The matter of consultation is by no means trivial. It is especially important in Wiltshire. Over the past months and years, and certainly since 2001 when I was elected, we have become accustomed to what might be called sham consultations. We have had them particularly in relation to local health care, where it appears that the results of the opinion survey have been more or less determined before the exercise started. That has led to the most disastrous consequences in respect of the scorched earth policy being conducted by Wiltshire primary care trust and, before that, by its predecessor bodies.

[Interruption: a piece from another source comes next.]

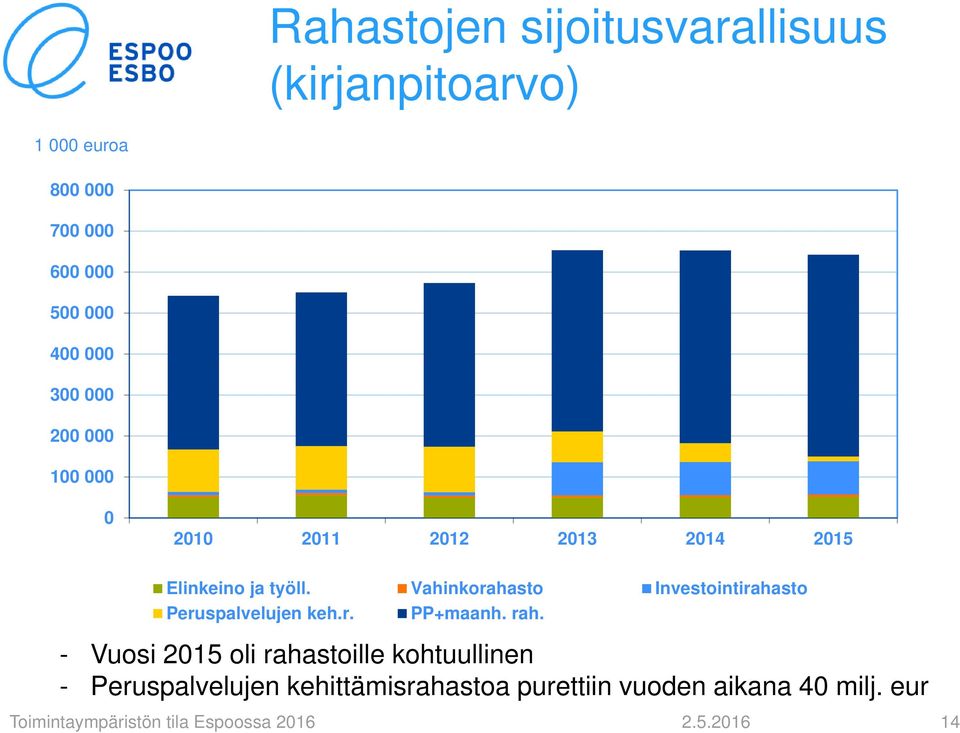 Vahinkorahasto Investointirahasto Peruspalvelujen keh.r. PP+maanh. rah.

This has taken place at a time when we are all trying to establish public confidence in democracy and engage people with politics and with the formulation of public policy in important areas such as local government, health care and practically every other arena. Instead, a climate of cynicism has been engendered among the public, and who can blame them if they put a great deal of time and effort into responding to consultations in good faith, in the belief that those who make a decision at the end of the day will pay close attention to what they say and act upon it? Unfortunately, in the local government consultation, like others in Wiltshire, those who are entrusted with making policy sadly seem to bat away all the time any effort put in by our constituents. They should hang their heads in shame.

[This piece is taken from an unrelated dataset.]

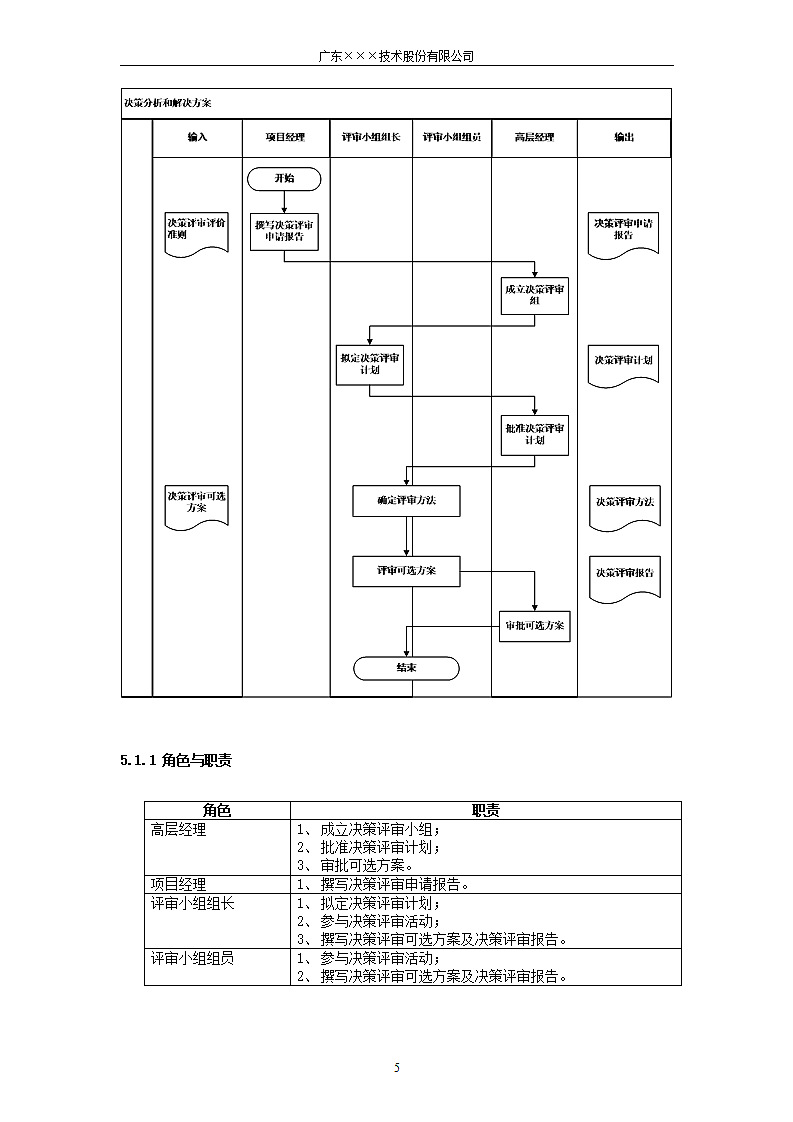 CMMI-决策分析和解决方案过程.docx第5页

Understandably, there has been considerable judicial interest in the matter. Will the Minister outline the possible outcomes of the Congleton and Shrewsbury judicial review and what implications various possible outcomes may have on the local government review process? Will the Minister say why the estimates of costs and benefits have differed structurally from one unitary proposal to another, thus disallowing meaningful comparison? That is particularly important in the present context because Somerset, just across the border—a county that is in many ways similar to Wiltshire—has had a very different outcome from its unitary bid.

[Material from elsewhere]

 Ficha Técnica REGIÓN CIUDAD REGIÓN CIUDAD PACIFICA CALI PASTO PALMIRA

Will the Minister tell us why the transition costs, recurrent costs and savings, pension liabilities and extra costs for area governance and pay harmonisation have not been included in the cost appraisal for Wiltshire? Given the absence of a budget for area governance, what did the Secretary of State have in mind when talking in July 2007 of a "real opportunity" for people to "shape their communities"? Will the Minister confirm that area governance under the proposals will be no more than an unfunded "selectocracy" with very little accountability?
In July 2006, the former Secretary of State for Communities and Local Government called local reorganisation "a great distraction", and in March 2007, in the Government's own review, Sir Michael Lyons criticised restructuring and recommended more joint working. That is precisely the solution that Wiltshire residents have said they want, and precisely what the MORI polling data confirmed that they wanted. The Local Government Chronicle in May 2007 reported the Treasury fear that unitary bids were a "waste of time" and that it
"simply cannot afford to bear" the financial risks involved. In 1974, local government was paralysed by reorganisation for up to three years, and I have to say to the Minister that there is good evidence that we are seeing a repeat performance right now in Wiltshire.
My constituents want local government to deliver quality services—which, by and large, it does. However, residents and council after council have responded to the Minister's consultation by saying that they do not want this expensive, remote, self-licking lollipop that is threatening 1974-style paralysis for months on end. Even at this late stage, I urge the Minister to think again.